Sunday, February 7, 2016

Week 3: Blinky LED Kit

Jumping off our Breadboard post, we jump into soldering a TNM Circuit, or 'Blinky' Board as our teacher has dubbed it. With this project, we'll be doing the opposite of a breadboard; A breadboard is a solderless tool used to experiment with circuits as you can put in and take out wires and capacitors to experiment with making a 'circuit' of some kind, and now we move to creating a permantnet connection on a circuit board

Soldering is a process in which two or more items (usually metal) are joined together by melting and putting a filler metal (solder) into the joint, the filler metal having a lower melting point than the adjoining metal.

A soldering iron is a tool with a nib at the end small enough to solder small points on circuit boards and is the most important tool in your arsenal dealing with small circuit boards.

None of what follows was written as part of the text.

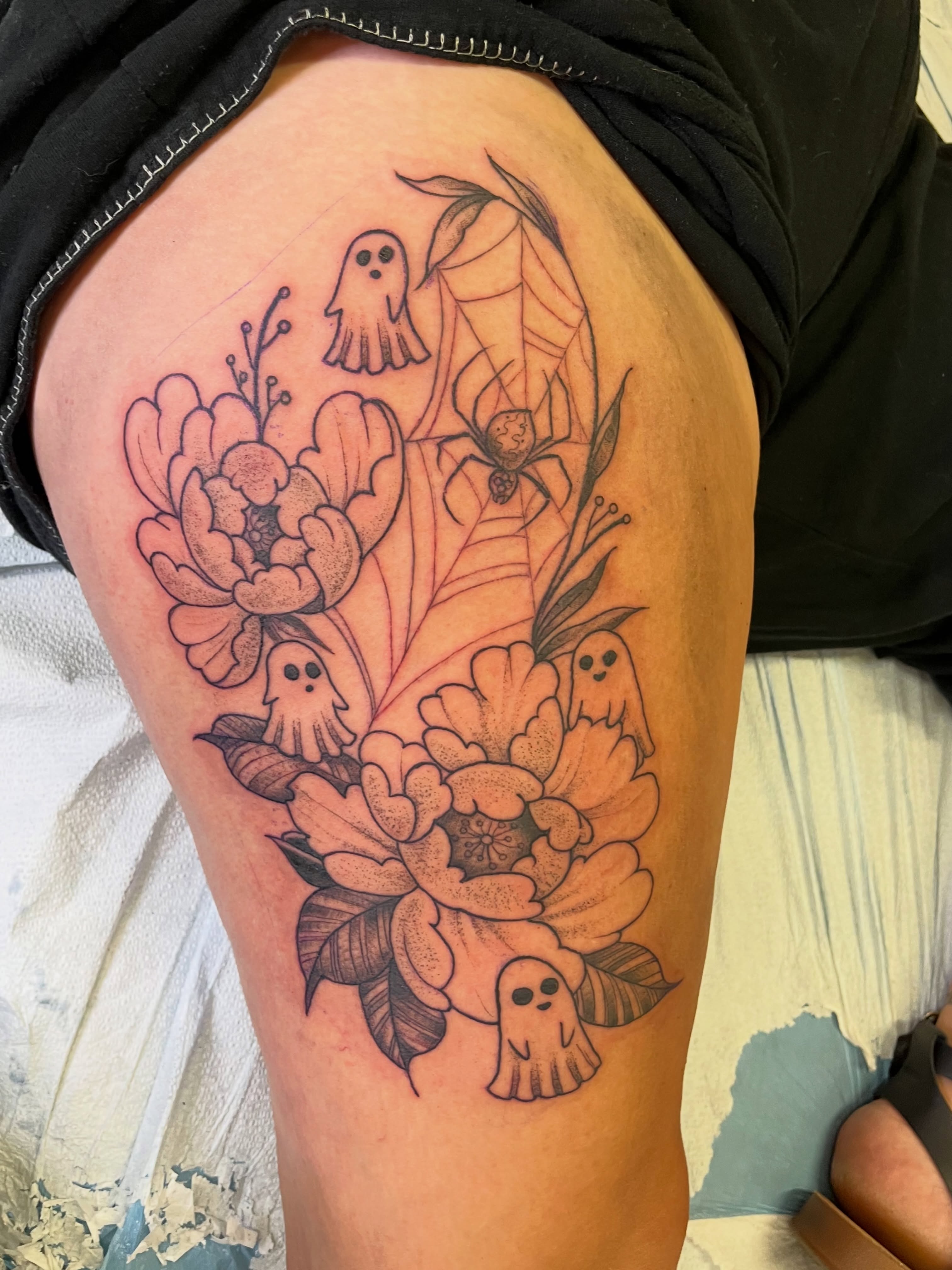 Ghosts and flowers black and grey tattoo on the thigh by Lacey B, Portland, Oregon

For an understanding on how to solder, check out my post on Soldering Basics, or click the link to some videos and guides to help you if you're a first timer with a soldering iron:

This tool must be taken care especially  because overtime, the metal begins to corrode as it heats up and oxidizes the air, and become brittle or lose it's point. On thing you can do to protect the tip is to leave a bit of solder on the tip before unplugging/turning it off so it protects the metal as it cools down.

Making a Blinky LED Circuit:

Basically you'll need the same competences as you did in the Solderless Breadboard, but instead of the breadboard, you'll need the small PCB board that came with the bag kit. (Not pictured: 9 Volt battery)

The diagrams with symbols shows how your connections work within the circuit, while the last diagram is how they connect visually on a breadboard. The circuit board we used actually showed how to do it via the top diagrams, and had symbols to let us know where to slide our components through.

Follow your instructions on how to place your components, and pay very close attention to your positive and negative legs on your components connections. Long= +/ Short= -

(Me soldering... Like a Pro!)

I'd suggest soldering on your smaller components, like your ICC chip and resistors first, but slide in your lights as well so you have a room for them as their holes are really close to where your resisters sit. Also, bend the wires through the holes so your board components aren't moving around as you solder.

(Bottom View)

(Bottom View)

When sliding in the resistors, you don't have to worry so much about polarity as they help reduce current flow and make sure that your circuit doesn't overheat and cause a short circuit


Slide in your LED lights, and Capacitor, but be very careful in placing them in the right slot because if the legs are in the wrong direction, they will not work. The flat side of the LED lights, the negative side, must be placed accordingly in that they face one way on the board according to which resistor they're over. The capacitor is more simple in that there are symbols to follow on the board itself. Then finally you add your battery connection wire and you're done.

(Business in front...)

(Party in the back!)

Snip and haircut!

And there you have your own Blinky LED Circuit board.